**Exercise data**
--
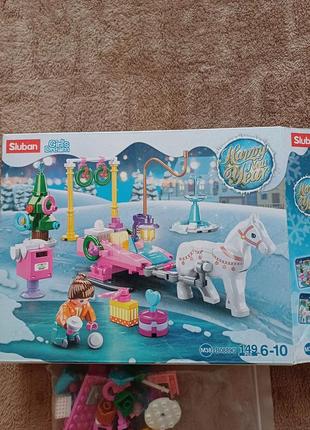 Леко конструктор lego для девочки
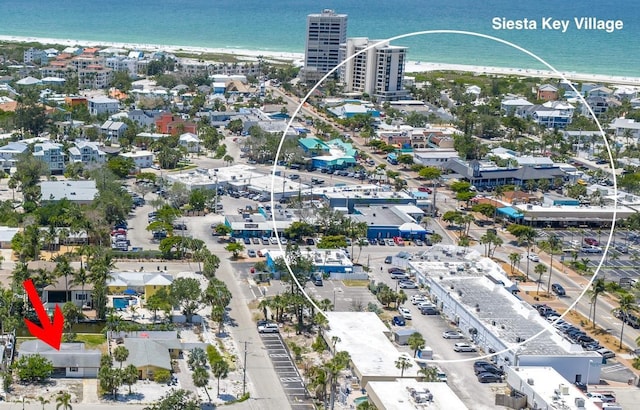 310 Avenida Milano, Sarasota, FL 34242 - view of property location featuring expansive coastline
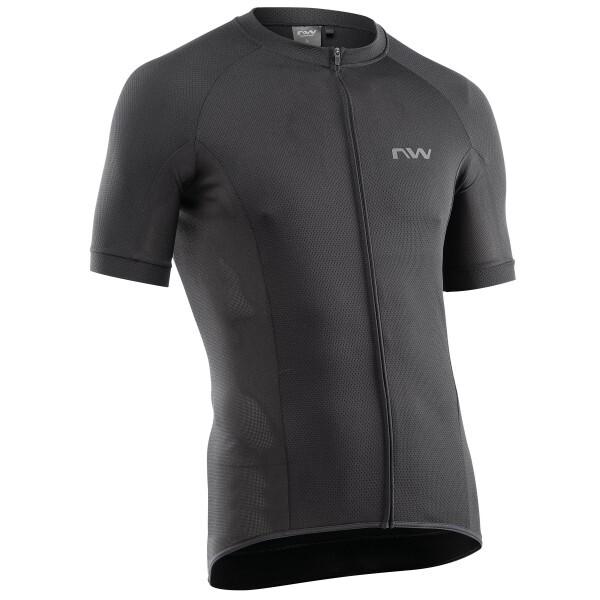 Velo Store - UK Short-sleeved full-zip jersey Northwave Force | Extra 10% off with Subscription, Postage £16.79 to UK Fedex.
--
**What needs to be done**
To answer, repeat exactly the lines from the line containing "310 Avenida Milano, Sarasota, FL" through the last line of the data above, leaving out all pictures.

**Response**
 310 Avenida Milano, Sarasota, FL 34242 - view of property location featuring expansive coastline
 Velo Store - UK Short-sleeved full-zip jersey Northwave Force | Extra 10% off with Subscription, Postage £16.79 to UK Fedex.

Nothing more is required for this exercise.